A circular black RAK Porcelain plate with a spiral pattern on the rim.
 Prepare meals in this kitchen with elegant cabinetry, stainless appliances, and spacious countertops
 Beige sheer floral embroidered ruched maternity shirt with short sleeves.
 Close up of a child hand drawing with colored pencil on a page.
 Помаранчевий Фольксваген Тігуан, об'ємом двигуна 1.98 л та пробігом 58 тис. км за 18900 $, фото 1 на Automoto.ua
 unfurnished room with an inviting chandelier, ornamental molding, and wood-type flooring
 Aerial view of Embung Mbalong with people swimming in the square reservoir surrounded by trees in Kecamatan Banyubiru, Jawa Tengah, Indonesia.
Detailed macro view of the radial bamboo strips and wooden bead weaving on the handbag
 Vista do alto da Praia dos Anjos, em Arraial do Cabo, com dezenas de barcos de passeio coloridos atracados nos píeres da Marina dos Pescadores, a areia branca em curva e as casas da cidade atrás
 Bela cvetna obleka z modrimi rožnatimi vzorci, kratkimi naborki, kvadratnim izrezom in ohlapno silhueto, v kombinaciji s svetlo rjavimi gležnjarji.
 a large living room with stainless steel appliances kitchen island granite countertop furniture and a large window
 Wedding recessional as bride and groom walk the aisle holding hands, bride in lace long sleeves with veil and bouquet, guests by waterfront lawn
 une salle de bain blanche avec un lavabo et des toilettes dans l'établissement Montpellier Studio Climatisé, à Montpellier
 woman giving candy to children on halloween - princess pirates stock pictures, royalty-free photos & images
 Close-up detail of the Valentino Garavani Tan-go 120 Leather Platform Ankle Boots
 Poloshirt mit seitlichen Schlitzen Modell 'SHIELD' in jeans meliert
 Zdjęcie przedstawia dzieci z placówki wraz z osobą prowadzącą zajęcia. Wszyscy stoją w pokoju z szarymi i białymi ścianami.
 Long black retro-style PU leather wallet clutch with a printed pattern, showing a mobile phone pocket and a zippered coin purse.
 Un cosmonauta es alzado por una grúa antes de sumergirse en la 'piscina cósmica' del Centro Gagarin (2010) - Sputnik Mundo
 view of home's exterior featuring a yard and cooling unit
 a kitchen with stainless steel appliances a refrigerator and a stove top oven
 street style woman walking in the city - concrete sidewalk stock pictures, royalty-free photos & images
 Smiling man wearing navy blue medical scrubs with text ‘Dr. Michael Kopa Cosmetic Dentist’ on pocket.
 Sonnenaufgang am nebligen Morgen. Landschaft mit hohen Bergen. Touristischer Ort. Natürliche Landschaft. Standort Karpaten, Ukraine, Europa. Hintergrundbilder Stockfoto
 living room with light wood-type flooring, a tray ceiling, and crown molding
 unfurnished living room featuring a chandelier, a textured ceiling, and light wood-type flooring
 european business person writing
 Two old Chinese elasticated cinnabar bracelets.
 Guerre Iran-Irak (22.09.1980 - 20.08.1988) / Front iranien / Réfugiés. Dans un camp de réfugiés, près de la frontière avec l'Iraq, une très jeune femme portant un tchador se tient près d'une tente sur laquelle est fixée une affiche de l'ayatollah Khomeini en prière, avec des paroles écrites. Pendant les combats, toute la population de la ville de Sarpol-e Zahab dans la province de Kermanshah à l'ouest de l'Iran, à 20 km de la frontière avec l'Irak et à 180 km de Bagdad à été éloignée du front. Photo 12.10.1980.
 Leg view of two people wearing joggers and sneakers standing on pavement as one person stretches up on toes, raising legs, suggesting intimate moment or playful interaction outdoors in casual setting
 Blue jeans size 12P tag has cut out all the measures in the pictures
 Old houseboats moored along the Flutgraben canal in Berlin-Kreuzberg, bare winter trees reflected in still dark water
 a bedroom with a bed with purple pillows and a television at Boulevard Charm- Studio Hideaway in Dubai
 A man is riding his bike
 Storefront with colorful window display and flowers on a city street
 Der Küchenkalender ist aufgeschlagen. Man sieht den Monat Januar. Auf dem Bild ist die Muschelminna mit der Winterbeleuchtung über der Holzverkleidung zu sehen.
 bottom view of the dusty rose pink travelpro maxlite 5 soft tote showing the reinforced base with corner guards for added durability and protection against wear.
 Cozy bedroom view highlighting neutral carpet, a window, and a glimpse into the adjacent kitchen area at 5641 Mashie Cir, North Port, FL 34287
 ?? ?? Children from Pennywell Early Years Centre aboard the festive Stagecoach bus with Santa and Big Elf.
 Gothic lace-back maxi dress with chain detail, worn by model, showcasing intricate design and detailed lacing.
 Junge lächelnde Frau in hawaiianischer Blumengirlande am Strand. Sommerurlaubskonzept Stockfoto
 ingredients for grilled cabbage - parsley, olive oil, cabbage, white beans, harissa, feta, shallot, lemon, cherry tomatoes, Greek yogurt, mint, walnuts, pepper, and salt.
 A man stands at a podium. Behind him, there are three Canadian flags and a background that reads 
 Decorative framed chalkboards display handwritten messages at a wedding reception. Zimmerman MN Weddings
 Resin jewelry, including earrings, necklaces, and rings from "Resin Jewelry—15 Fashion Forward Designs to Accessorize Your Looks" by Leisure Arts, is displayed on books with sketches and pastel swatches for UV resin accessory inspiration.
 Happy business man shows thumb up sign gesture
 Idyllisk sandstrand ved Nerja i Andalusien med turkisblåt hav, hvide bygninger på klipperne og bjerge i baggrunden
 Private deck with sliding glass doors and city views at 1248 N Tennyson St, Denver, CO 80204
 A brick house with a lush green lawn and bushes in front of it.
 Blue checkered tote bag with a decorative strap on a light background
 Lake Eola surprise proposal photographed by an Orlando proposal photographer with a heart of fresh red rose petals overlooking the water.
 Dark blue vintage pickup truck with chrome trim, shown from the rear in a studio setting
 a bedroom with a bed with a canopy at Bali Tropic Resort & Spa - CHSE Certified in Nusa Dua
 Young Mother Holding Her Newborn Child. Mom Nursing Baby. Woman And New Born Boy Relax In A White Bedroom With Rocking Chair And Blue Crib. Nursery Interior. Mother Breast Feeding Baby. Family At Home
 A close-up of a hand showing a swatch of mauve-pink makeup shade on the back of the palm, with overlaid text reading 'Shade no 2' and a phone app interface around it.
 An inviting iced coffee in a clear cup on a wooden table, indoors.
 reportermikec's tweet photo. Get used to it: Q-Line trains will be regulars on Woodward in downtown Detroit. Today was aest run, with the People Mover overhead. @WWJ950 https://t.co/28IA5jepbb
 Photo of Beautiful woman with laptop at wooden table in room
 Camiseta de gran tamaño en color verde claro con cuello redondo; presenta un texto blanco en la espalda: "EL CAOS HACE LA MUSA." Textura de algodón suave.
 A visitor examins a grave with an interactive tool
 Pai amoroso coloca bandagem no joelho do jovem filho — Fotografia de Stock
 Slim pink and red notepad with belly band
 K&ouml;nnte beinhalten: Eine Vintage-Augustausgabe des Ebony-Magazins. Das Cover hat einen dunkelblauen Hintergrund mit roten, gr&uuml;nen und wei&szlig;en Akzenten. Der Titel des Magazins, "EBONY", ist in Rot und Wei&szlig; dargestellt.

Work to complete:
Using the data above, print exactly the lines from the line that contains "Beige sheer floral" through the line that contains "Aerial view of", with both included.

Written response:
 Beige sheer floral embroidered ruched maternity shirt with short sleeves.
 Close up of a child hand drawing with colored pencil on a page.
 Помаранчевий Фольксваген Тігуан, об'ємом двигуна 1.98 л та пробігом 58 тис. км за 18900 $, фото 1 на Automoto.ua
 unfurnished room with an inviting chandelier, ornamental molding, and wood-type flooring
 Aerial view of Embung Mbalong with people swimming in the square reservoir surrounded by trees in Kecamatan Banyubiru, Jawa Tengah, Indonesia.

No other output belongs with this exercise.